Only one stretch of the records below should be repeated. It starts with the line containing "Samsã¸e Samsã¸e Sams?e" and goes on through the line containing "Happy St.Patrick 's", exactly as written.

**Available data**.
-*-

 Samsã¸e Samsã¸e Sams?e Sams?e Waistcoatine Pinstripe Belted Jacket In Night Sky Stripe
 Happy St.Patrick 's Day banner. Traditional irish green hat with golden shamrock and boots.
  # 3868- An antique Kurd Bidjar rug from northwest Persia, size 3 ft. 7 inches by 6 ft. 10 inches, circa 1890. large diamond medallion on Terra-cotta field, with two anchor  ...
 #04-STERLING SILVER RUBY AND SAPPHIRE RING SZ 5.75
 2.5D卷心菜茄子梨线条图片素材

-*-

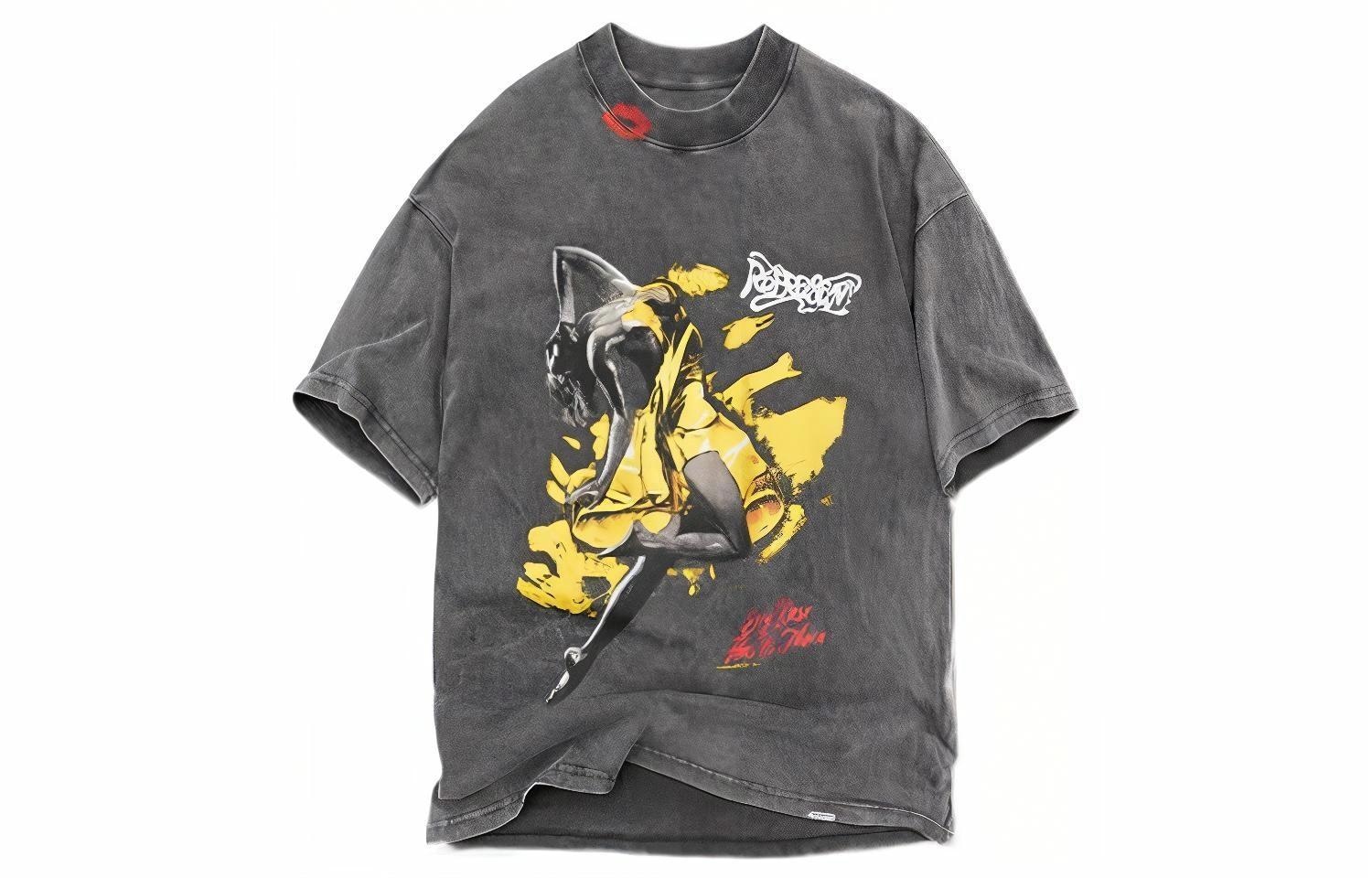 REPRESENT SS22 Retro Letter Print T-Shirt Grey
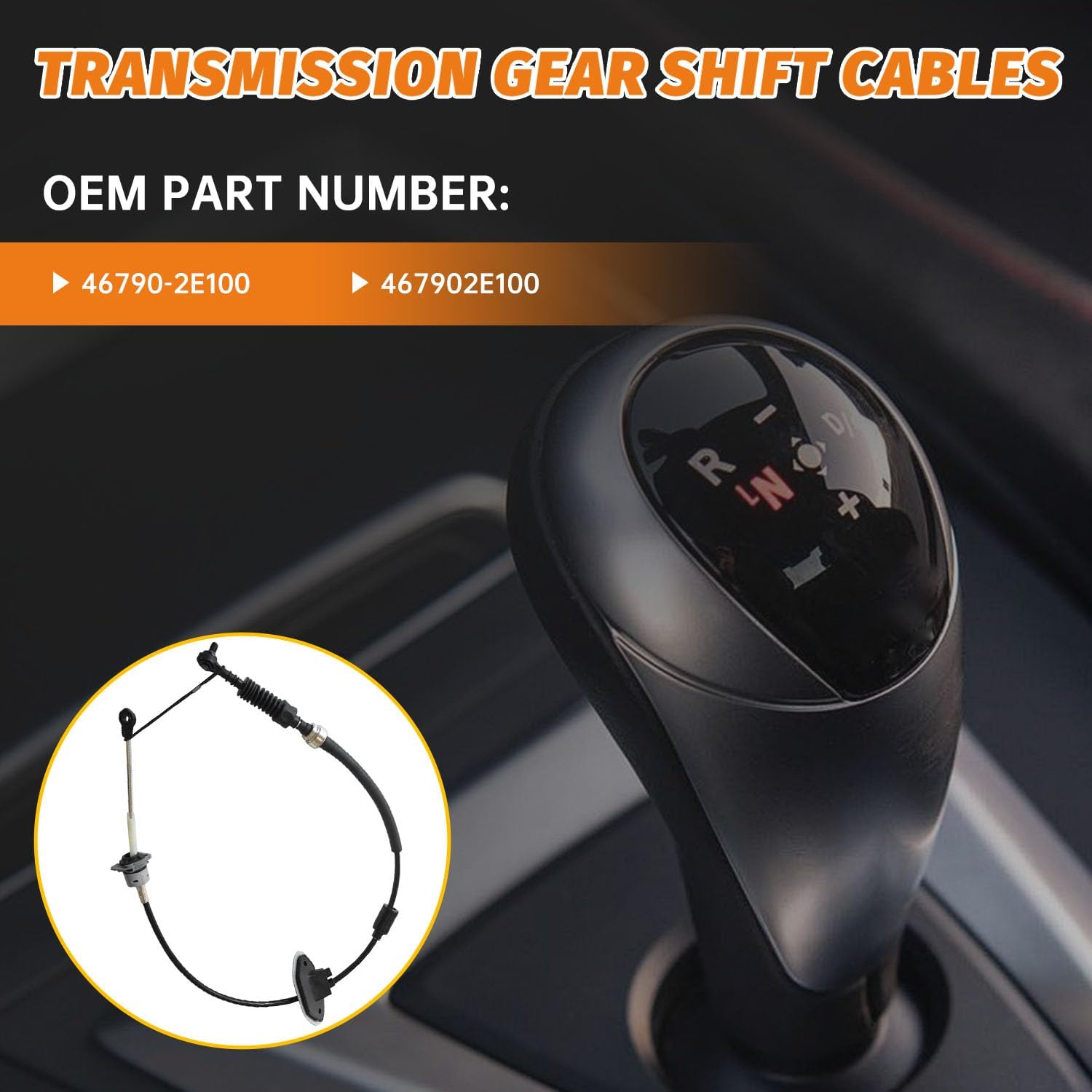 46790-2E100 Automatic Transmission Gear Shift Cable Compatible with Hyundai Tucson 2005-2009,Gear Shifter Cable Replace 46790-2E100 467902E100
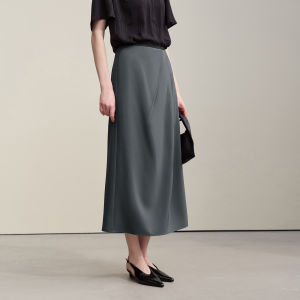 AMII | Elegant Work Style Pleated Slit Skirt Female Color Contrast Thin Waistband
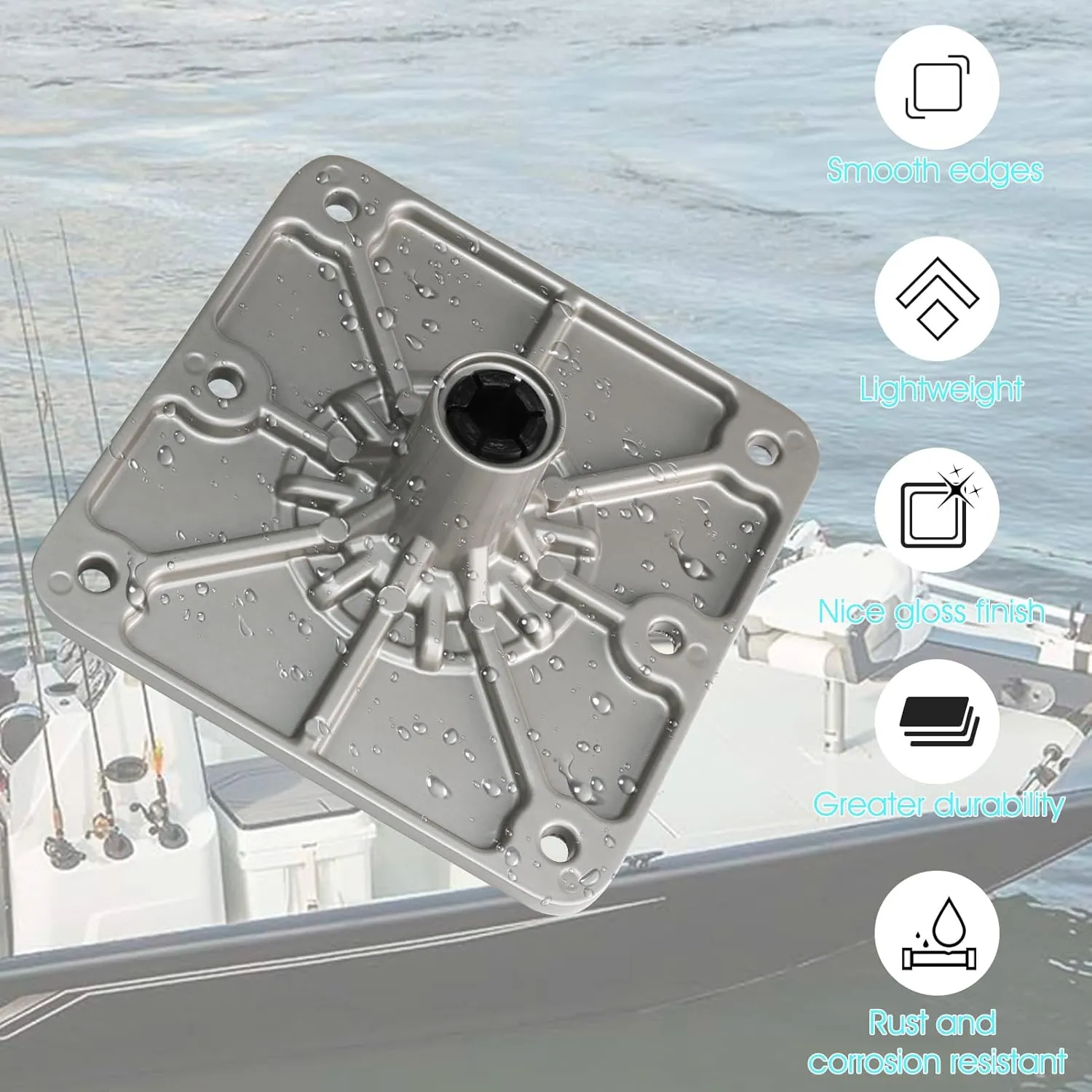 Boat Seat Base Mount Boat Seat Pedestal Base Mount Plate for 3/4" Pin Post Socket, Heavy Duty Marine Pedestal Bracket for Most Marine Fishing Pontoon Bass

-*-

**Solution to this problem**.
 Samsã¸e Samsã¸e Sams?e Sams?e Waistcoatine Pinstripe Belted Jacket In Night Sky Stripe
 Happy St.Patrick 's Day banner. Traditional irish green hat with golden shamrock and boots.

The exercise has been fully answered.